(Excerpts from a dataset)
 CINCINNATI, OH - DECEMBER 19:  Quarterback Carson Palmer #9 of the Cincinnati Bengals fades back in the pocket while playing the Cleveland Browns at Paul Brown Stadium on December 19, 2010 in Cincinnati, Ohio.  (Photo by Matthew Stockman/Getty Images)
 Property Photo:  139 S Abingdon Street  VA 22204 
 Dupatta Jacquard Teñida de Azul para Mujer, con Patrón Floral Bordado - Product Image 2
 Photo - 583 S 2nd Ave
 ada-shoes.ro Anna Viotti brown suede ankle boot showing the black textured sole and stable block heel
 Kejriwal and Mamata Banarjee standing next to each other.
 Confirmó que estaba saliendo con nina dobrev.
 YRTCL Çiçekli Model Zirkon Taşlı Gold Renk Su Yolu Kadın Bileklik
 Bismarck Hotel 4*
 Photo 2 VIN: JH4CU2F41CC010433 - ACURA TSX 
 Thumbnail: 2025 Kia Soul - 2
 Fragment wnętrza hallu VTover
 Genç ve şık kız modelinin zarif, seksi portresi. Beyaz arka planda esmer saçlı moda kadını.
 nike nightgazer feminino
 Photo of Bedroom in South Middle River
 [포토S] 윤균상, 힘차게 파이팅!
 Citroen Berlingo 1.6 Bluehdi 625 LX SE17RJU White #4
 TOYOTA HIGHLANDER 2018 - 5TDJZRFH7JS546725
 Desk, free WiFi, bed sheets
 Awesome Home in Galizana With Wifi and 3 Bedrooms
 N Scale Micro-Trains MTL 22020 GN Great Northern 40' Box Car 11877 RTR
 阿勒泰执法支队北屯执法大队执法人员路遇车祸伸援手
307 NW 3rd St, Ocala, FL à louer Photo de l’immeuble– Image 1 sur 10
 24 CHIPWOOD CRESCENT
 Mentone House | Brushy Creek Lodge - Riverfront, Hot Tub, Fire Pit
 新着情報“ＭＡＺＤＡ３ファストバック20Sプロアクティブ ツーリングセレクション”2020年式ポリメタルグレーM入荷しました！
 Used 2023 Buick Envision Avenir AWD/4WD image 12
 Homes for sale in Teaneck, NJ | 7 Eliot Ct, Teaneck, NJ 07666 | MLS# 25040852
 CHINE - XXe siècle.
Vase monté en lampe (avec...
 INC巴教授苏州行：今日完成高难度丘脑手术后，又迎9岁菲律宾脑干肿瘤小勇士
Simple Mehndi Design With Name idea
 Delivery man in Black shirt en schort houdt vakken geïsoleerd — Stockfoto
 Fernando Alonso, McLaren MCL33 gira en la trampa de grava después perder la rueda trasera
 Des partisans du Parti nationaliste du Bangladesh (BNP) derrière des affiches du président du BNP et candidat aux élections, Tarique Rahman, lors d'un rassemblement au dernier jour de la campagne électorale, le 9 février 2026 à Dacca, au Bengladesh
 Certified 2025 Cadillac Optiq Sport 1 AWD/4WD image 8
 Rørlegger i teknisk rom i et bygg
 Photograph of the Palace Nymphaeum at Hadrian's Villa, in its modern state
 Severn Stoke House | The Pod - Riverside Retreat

**EXERCISE DIRECTIONS:**
In the records above, the line with "INC巴教授苏州行：今日完成高难度丘脑手术后，又迎9岁菲律宾脑干肿瘤小勇士" marks the start and the line with "Rørlegger i teknisk rom i et bygg" marks the end; copy that stretch exactly, both lines included, and nothing else.

**FINISHED TASK:**
 INC巴教授苏州行：今日完成高难度丘脑手术后，又迎9岁菲律宾脑干肿瘤小勇士
Simple Mehndi Design With Name idea
 Delivery man in Black shirt en schort houdt vakken geïsoleerd — Stockfoto
 Fernando Alonso, McLaren MCL33 gira en la trampa de grava después perder la rueda trasera
 Des partisans du Parti nationaliste du Bangladesh (BNP) derrière des affiches du président du BNP et candidat aux élections, Tarique Rahman, lors d'un rassemblement au dernier jour de la campagne électorale, le 9 février 2026 à Dacca, au Bengladesh
 Certified 2025 Cadillac Optiq Sport 1 AWD/4WD image 8
 Rørlegger i teknisk rom i et bygg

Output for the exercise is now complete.